Case ID: kan_123/html/0082-01.html
Source: Caselaw Access Project
Author: {"author": "Hopkins, J.:", "license": "Public Domain", "url": "https://static.case.law/"}
Date Created: 2024-08-24T03:29:51.129683

No. 27,181.
    The Federal Agency Investment Company, Appellee, v. Glen Holm, Appellant.
    
    SYLLABUS BY THE COURT.
    1. Bills and Notes — Dejenses—False Representation as to Insurance Policy-Judgment on Opening Statement. In an action to recover on a promissory note given in payment of the premium for a life insurance policy, where the defense was that the note had been procured through false and fraudulent representations, the proceedings considered and held not error to render judgment for plaintiff on defendant’s opening statement.

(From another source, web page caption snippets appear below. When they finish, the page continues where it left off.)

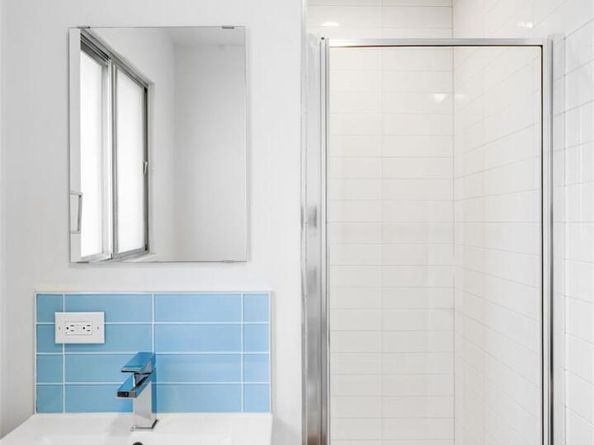 777 S Krameria Street, Denver CO 80224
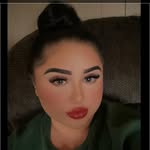 Shayla Thompson - @shaylathompson_14 - Instagram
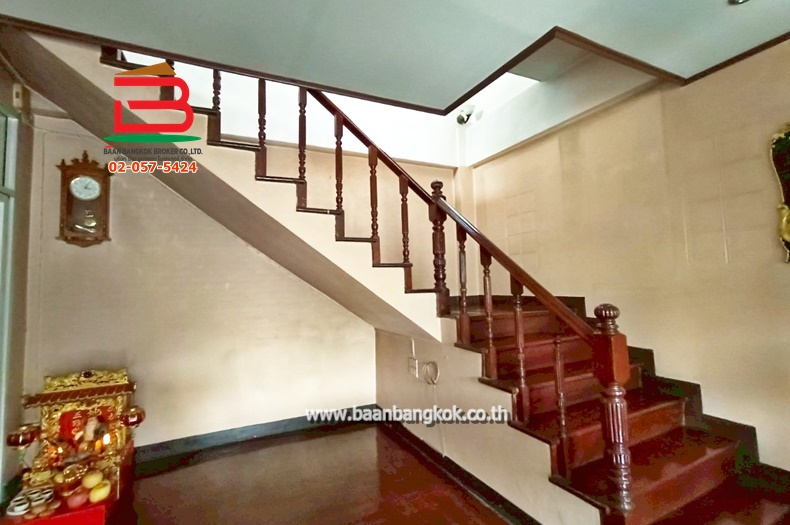 LINE_ALBUM_No.010544 LH วงค์สว่าง 8_250506_14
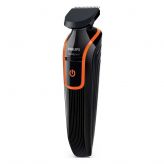 Триммер универсальный Philips Multigroom series 3000 QG3340/16 Philips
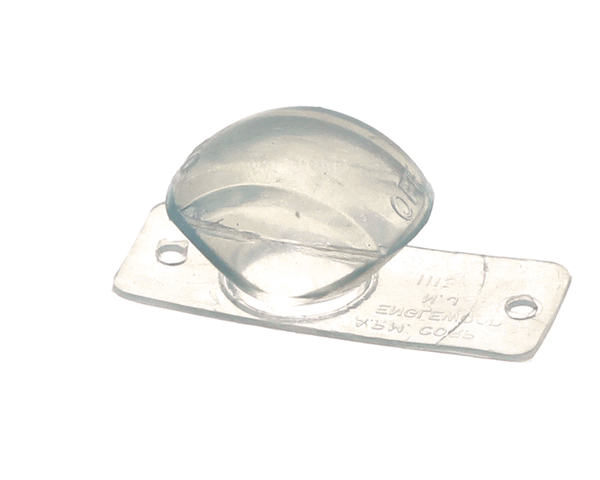 Hardt 20143.Boot Silicone Boot ( For Circuit Breaker (HDT20143-BOOT) Each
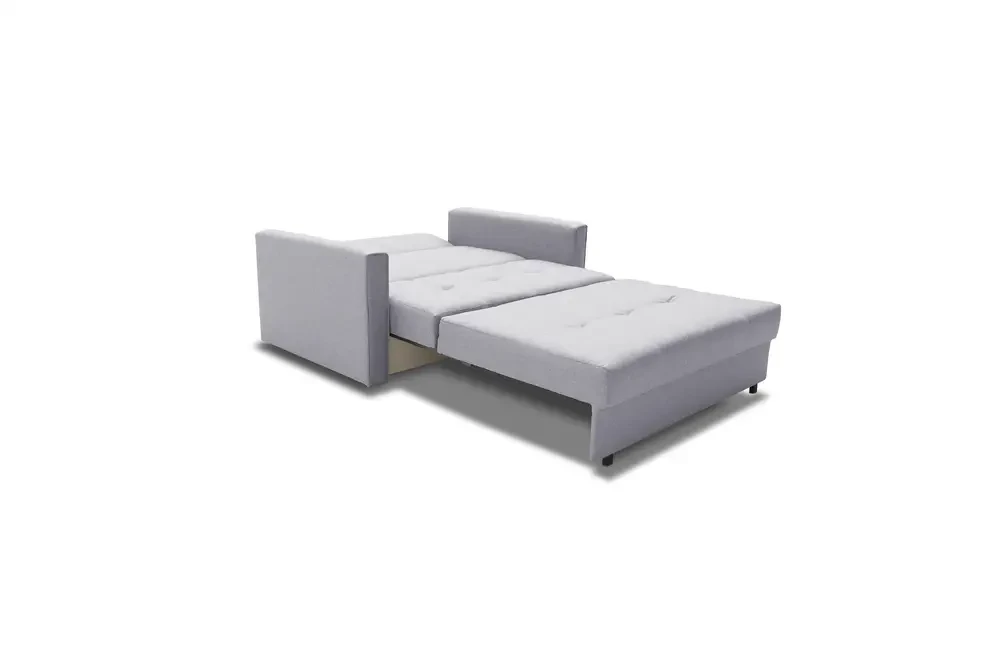 Sofa Olaf II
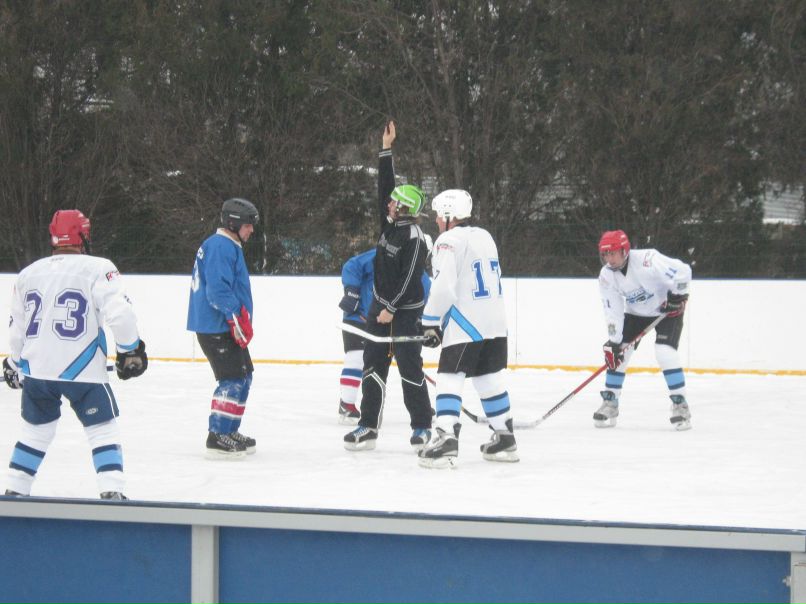 Максим Максимович | Gdynia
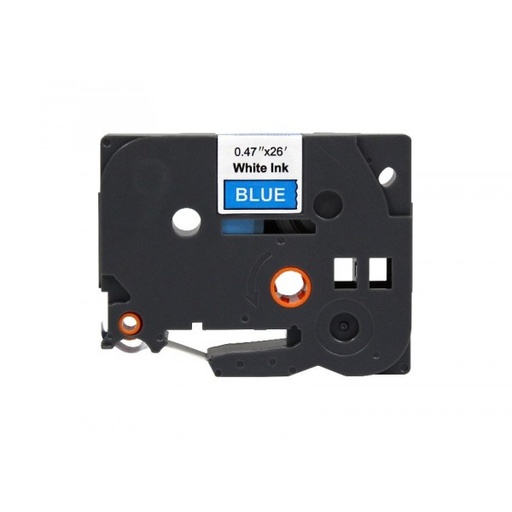 [P2122185] Brother Dk-11204 17*54 400U Etiqueta Generico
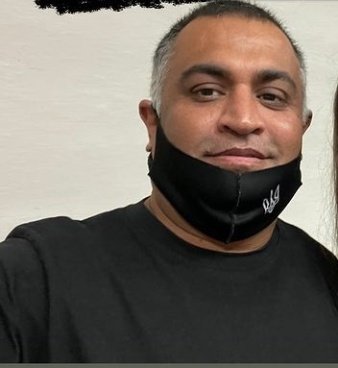 Wellutwt's tweet photo. Any Indian student in Ukraine who needs any help can contact him.
Rt for Reach...thankyou🙌
Name :- Bhawan Sharma
Instagram : https://t.co/hmANQkf9eI https://t.co/XM62WMaduj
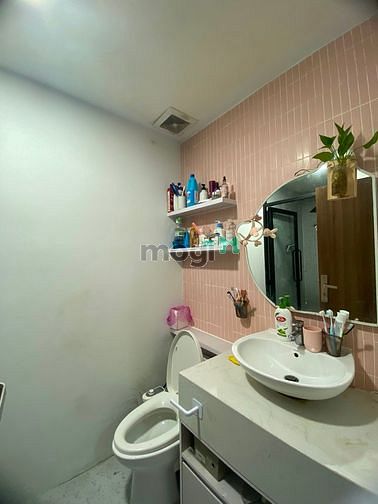 Hình ảnh Bán Trang Chủ MB66.COM / Đăng Ký Tặng 66K cao câp CENTANA THỦ THIÊM 2 pn ,4 tỷ 3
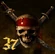 LevelTemplate37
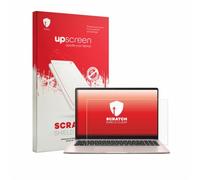 upscreen Protection Film compatible with ASUS Chromebook CX15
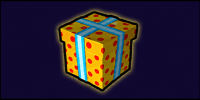 Beginner Pack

    2. Fraud — False Representations — Statements as to Matter in Future. Rule followed that fraudulent representations to constitute fraud must relate to some material, past or existing fact.

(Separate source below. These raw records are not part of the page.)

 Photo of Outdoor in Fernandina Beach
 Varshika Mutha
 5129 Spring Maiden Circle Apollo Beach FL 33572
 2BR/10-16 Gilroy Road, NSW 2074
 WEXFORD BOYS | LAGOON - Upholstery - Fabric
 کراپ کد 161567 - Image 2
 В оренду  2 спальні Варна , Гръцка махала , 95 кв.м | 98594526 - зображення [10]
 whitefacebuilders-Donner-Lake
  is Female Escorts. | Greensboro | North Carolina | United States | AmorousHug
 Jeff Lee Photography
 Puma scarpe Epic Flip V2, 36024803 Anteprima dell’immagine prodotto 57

    Contracts, 13 C. J. pp. 384 n. 48, 386 n. 52. Fraud, 26 C. J. pp. 1080 n. 87 1082 n. 89, 1087 n. 43, 1215 n. 84, 1216 n. 85; 35 L. R. A. 420 ; 37 L. R. A. 607; 10 L. R. A. n. s. 642; 12 R. C. L. 252. Insurance, 32 C. J. pp. 1207 n. 99, 1208 n. 3, 8.
    Appeal from Wyandotte district court, division No. 3; William H. Mc-Camish, judge.
    Opinion filed March 12, 1927.
    Affirmed.
    
      A. J. Herrod, of Kansas City, for the appellant.
    
      Thomas E. Joyce, of Kansas City, for the appellee.
   The opinion of the court was delivered by

Hopkins, J.:

The action was one to recover on a promissory note given in payment of a policy of insurance in the Federal Reserve Life Insurance Company. The defense was that the note was procured through false and fraudulent representations. Judgment was for plaintiff on defendant’s opening statement and defendant appeals.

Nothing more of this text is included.